WHAT IS NEEDED
Your output should be the lines from the one with "Casa à venda" through the last line of the records below, exactly as written, minus the pictures.

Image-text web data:
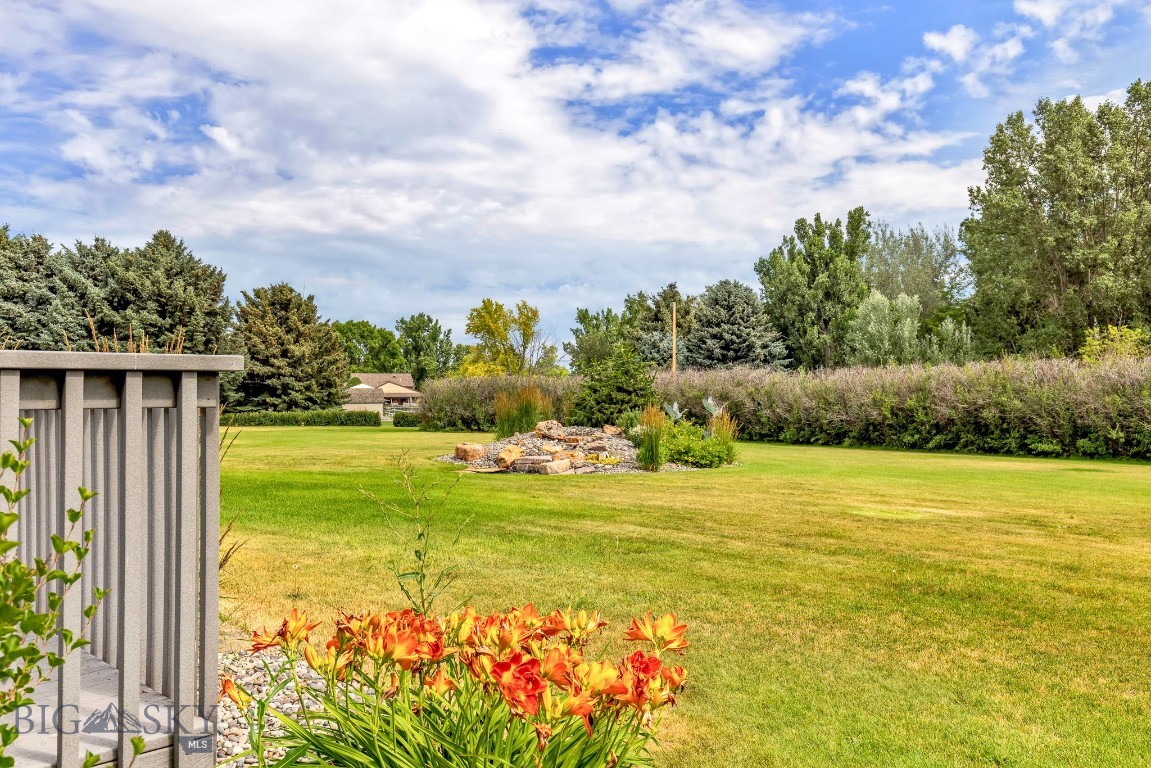 24515 Frontage Road Property Photo 6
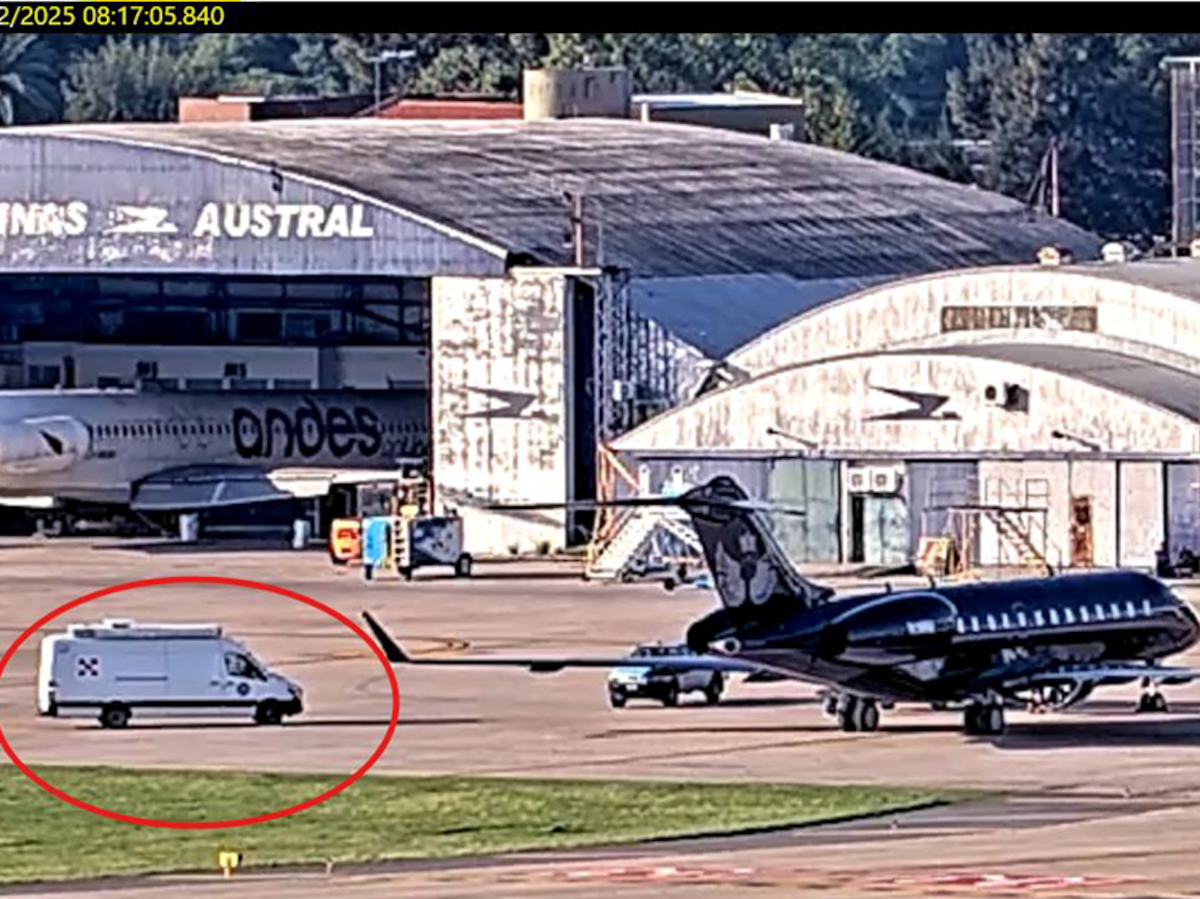 El avión de Scatturice. En el Gobierno sospechan de un pase de facturas en la Aduana y crece la interna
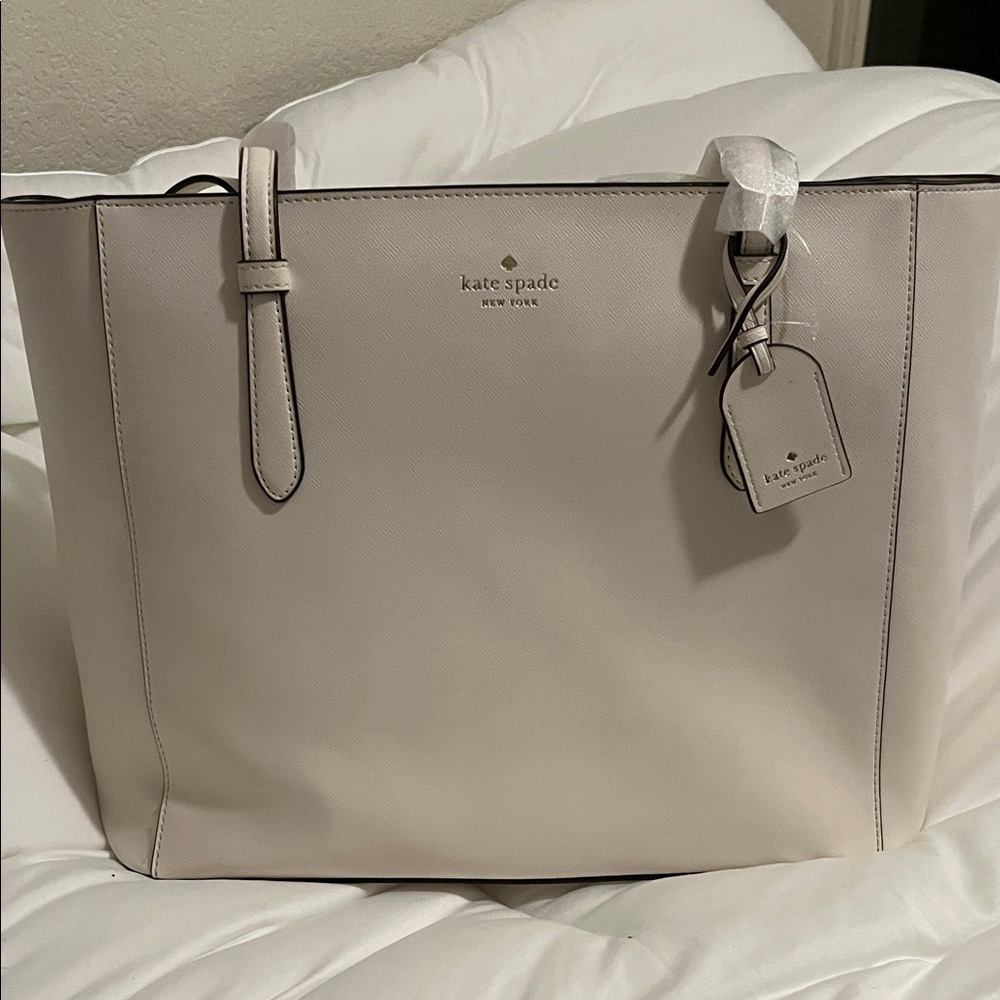 Kate Spade New York Schuyler White Medium Tote Bag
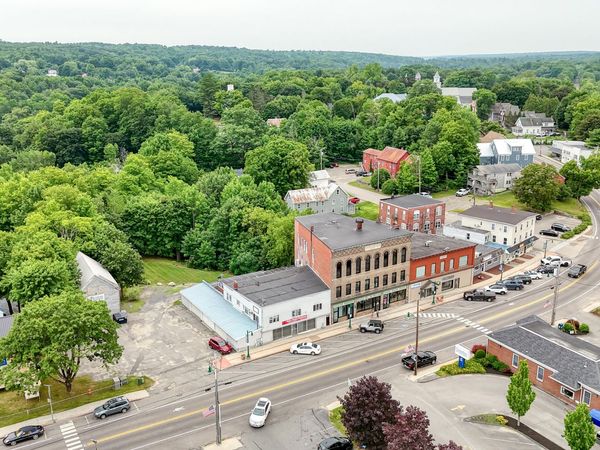 46 Main Street , Oakland, ME 04358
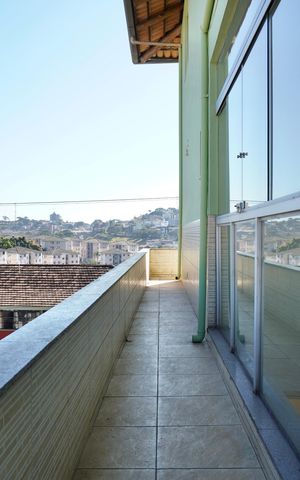 Casa à venda com 240m², 5 quartos e 3 vagasVaranda - Área Privativa 1º Andar 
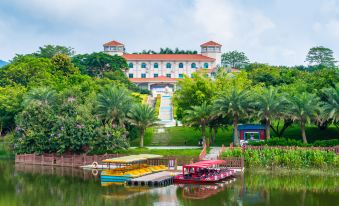 Lvhu Bay Hotel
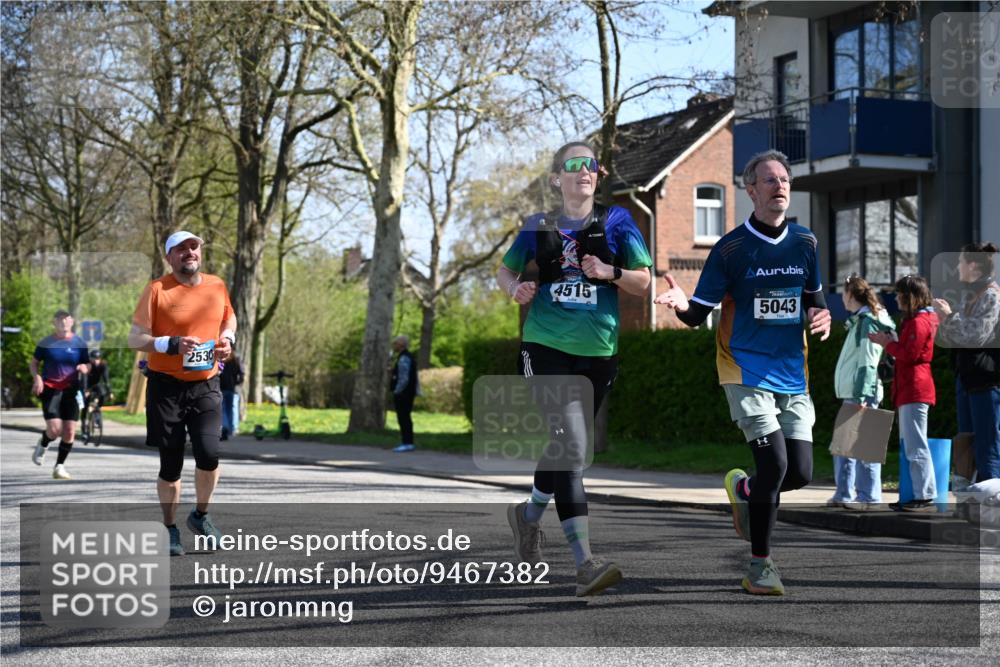 12.04.2026 - 45. Internationalen Wilhelmsburger Insellauf J. Mangold http://msf.ph/oto/9467382 12.04.2026 11:05:02 Ziel 2225, 2203, 2415, 3130, 4286, 4516, 5043, 2730, 2193, 4440, 4870, 2530, 3743, 3743, 5748, 4464, 5810, 3322, 3420, 3920, 2267 meine-sportfotos.de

ANSWER TO THIS EXERCISE
 Casa à venda com 240m², 5 quartos e 3 vagasVaranda - Área Privativa 1º Andar 
 Lvhu Bay Hotel
 12.04.2026 - 45. Internationalen Wilhelmsburger Insellauf J. Mangold http://msf.ph/oto/9467382 12.04.2026 11:05:02 Ziel 2225, 2203, 2415, 3130, 4286, 4516, 5043, 2730, 2193, 4440, 4870, 2530, 3743, 3743, 5748, 4464, 5810, 3322, 3420, 3920, 2267 meine-sportfotos.de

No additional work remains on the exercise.